Anche nelle classi, che dovrebbero essere il luogo in cui è la cultura a suggerire il nome e la forma più compiuta alle emozioni, insegnando ai bambini ed ai giovani a distinguerle, a tenere a bada quelle meno degne di ascolto, sta poco a poco prendendo piede la logica di una cura psico-affettiva per cui gli insegnanti non possono essere preparati, e che non dovrebbe competere alla scuola, pena lo sconvolgimento delle sue finalità dichiarate. Un solo esempio: una studentessa è preda di una crisi d’ansia in vista di una prova di verifica disciplinare? Ecco che bisogna darle modo di esprimere quel disagio; bisogna accettarlo, accoglierlo, dare consolazione, non giudicare, evitare di fare prediche sulla mancanza di misura emotiva, evitare di esortare al contenimento (ché sarebbe insensibilità); al contrario, bisogna interpellare la famiglia, spostare la verifica ad altra occasione, esonerare temporaneamente fino al ripristino della stabilità emotiva etc. .. Sembriamo non renderci conto che le diverse esternazioni emotive degli esseri umani si strutturano a partire dalle risposte ambientali, e dunque sono fenomeni storici modellati anche dalle abitudini familiari e sociali.
Che cosa vogliamo fare, allora, di queste emozioni eccessive, esorbitanti? Vogliamo diventare il popolo più ipersensibile e instabile della storia, oppure vogliamo proteggere la stabilità delle condizioni propedeutiche all’apprendimento nelle scuole?
Nelle classi possiamo presto ritrovarci a gestire (se non ci siamo già arrivati) il disagio individuale quando esso si esprima senza alcun freno, con l’alibi che il vissuto emotivo è di per sé sempre degno di ascolto; oppure possiamo decidere che la ragione critica su cui poggia l’istruzione esige un ordine dicibile, ovvero un alfabeto, una grammatica e un calcolo relativi alla vita interiore, la quale non deve eruttare liberamente rispondendo solo a se stessa, fuori da ogni possibilità di giudizio condiviso.

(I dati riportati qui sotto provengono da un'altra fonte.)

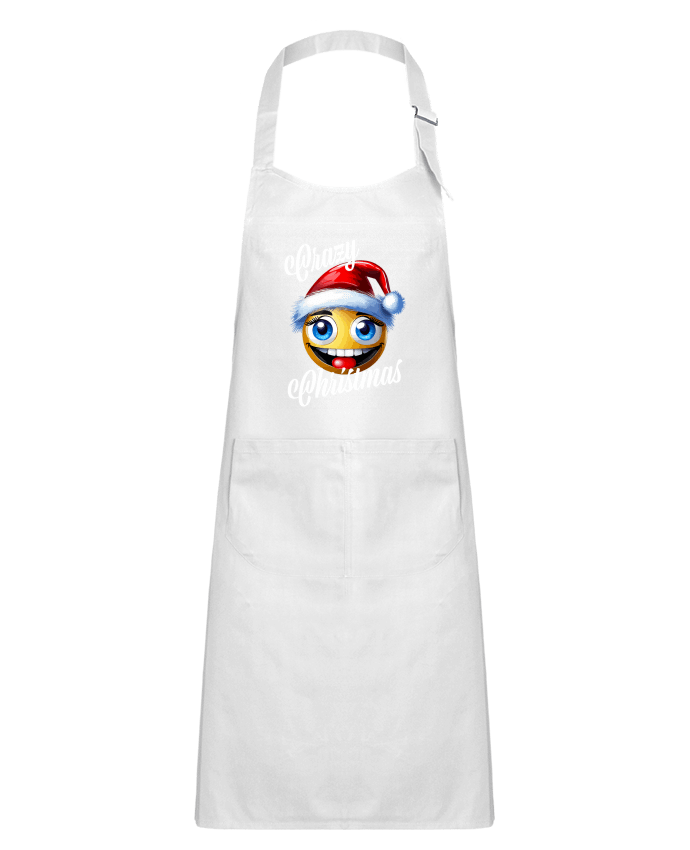 Tablier Enfant Emoji Fun Femme Noël par Featheart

Possiamo ancora scegliere, ragionandoci su.
Secondo Haidt, la salute mentale dei nostri giovani è crollata per due ragioni: anzitutto l’iperprotezione di un mondo adulto che ha cessato di essere guida dei bambini, ma in compenso non li lascia mai soli, trasmettendo loro la propria insicurezza; in secondo luogo l’abbandono dei bambini nel mondo virtuale. Naturalmente, invece di reagire in modo appropriato, cioè restituendo ai bambini il gioco libero e la disciplina scolastica e tenendoli lontani dal mondo virtuale almeno fino a 16 anni, aggraviamo le loro situazione trasformando la scuola in un ambiente di gioco protetto (basta voti!) che li invita a immergersi ancora più nelle esperienze immersive del virtuale (Scuola 4.0). L’esaltazione dell’emotività è la maschera ipocrita di chi non vuole reagire.
Almeno da Socrate-Platone-Aristotele, la premessa indispensabile dell’istruzione è l’ educazione intesa come formazione del carattere, la quale deve condurre l’individuo al dominio di sé, al controllo di brame, impulsi, affetti e sentimenti, ossia a stabilire una misura razionale per la propria condotta. La concezione individualista cui fa riferimento l’articolo mi pare “formi” persone fragili e incapaci di fronteggiare le avversità della vita, incoraggiando altresì una generale deriva anomica della società.
Mi pare esattamente così, con enormi costi individuali e collettivi, purtroppo. Fa specie che spesso questo tipo di sensibilità morbosa sia promossa (anche in altri campi) da una parte politica che per tradizione affida giustamente le sorti del singolo alla sua educabilitá.